Sustenta, ademais, ser inviável apresentar em prazo tão curto – sessenta dias – os projetos e prazos para início e fim das obras de adaptação em toda a cidade de Salvador, sem graves prejuízos às normas de licitação, que exigem diversas etapas, como projeto básico, por exemplo.

Por fim, aduz haver risco de lesão à economia pública, pois recente projeto para adaptação de dez estações ferroviárias de Salvador tem custo estimado de R$ 6,5 milhões – despesa que se multiplicaria, ante a extensão da decisão impugnada, que determina promoção de obras de acessibilidade em todos os espaços da cidade. 2.

É caso de suspensão.

De acordo com o regime legal de contracautela (Leis nºs 12.016/2009, 9.494/1997 e 8.437/1992, e art. 297 do RISTF), compete a esta Presidência suspender execução de decisões concessivas de segurança, de liminar ou de tutela antecipada, proferidas em única ou última instância, pelos tribunais locais ou federais, para evitar grave lesão à ordem, à saúde, à segurança e à economia públicas.

A cognição do pedido exige, ainda, demonstração da natureza constitucional da controvérsia (cf.

Rcl nº 497-AgR, Rel.

Min.

CARLOS VELLOSO, Plenário, DJ de 06.4.2001; SS nº 2.187-AgR, Rel.

Min.

MAURÍCIO CORRÊA, Plenário, DJ de 21.10.2003; e SS nº 2.465, Rel.

Min.

NELSON JOBIM, DJ de 20.10.2004).

Está preenchido o requisito, pois em jogo, aqui, suposta violação aos arts. 203, IV, 227, § 2º e 244, da Constituição da República, adotados pelo autor da ação civil pública e pelo acórdão impugnado, e que teriam sido afrontados pelo Tribunal de Justiça local.

Não há dúvida, portanto, de que a matéria discutida na origem se reveste de índole constitucional.
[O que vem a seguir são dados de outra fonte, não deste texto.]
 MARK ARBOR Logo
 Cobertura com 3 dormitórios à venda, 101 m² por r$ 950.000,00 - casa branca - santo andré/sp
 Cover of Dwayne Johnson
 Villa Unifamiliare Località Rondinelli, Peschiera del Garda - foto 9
Verifico que a decisão impugnada, na extensão em que proferida, possui evidente potencial de lesão às ordens administrativa e econômica.

É que a tutela antecipada, confirmada pelo Tribunal de Justiça, no sentido de determinar a apresentação, em sessenta dias, dos projetos arquitetônicos, com datas para início e término das obras de acessibilidade em toda a cidade de Salvador, incluindo até mesmo áreas particulares, inviabilizaria o bom funcionamento da máquina administrativa.
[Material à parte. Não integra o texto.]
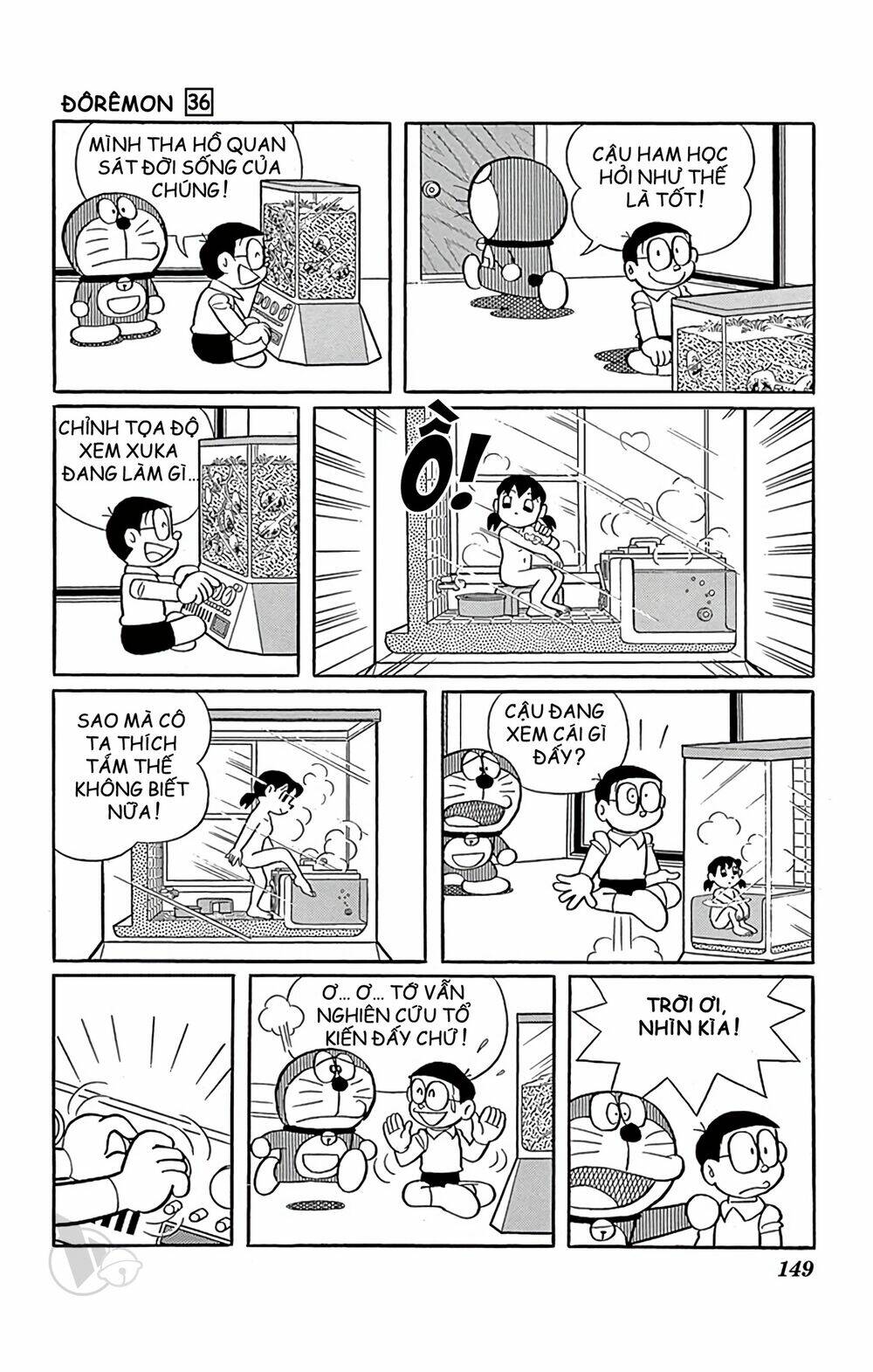 Chương 651 - Trang 7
Não se desconhecem os problemas enfrentados pelos moradores das metrópoles brasileiras, sobretudo das mais antigas, como ressaltou o requerente, decorrentes da infraestrutura precária para deslocamento dos cidadãos portadores de necessidades especiais.

Com efeito, urge que medidas mais eficazes e urgentes sejam tomadas pelos gestores públicos, no sentido de que, além das novas construções, também os logradouros já edificados sejam adaptados conforme as melhores técnicas de acessibilidade.

Por outro lado, é manifesto que a apresentação de projetos arquitetônicos, para reforma de toda uma metrópole das dimensões de Salvador, em apenas sessenta dias, paralisaria vários setores da Administração Pública, com prejuízo da prestação dos demais serviços públicos.

Sobretudo no caso, em que ainda se exigiu cronograma com datas de início e término das obras e se atribuiu multa diária de dez mil reais, para o caso de descumprimento da ordem judicial.

Nesse sentido, patente a inviabilidade de elaboração de projetos apenas por meio dos recursos humanos das áreas de engenharia e arquitetura da administração pública, sendo indispensável, com efeito, licitação para contratação até mesmo dos projetos arquitetônicos de acessibilidade.

E tal medida inviabilizaria obediência ao prazo de sessenta dias fixado pela decisão impugnada, ante os procedimentos exigidos pelas normas de licitação.

Ademais, não se pode ignorar o risco de lesão à ordem econômica, porquanto, conforme documentos juntados aos autos, recente projeto de acessibilidade para dez estações ferroviárias de Salvador tem custo estimado de seis milhões e meio de reais.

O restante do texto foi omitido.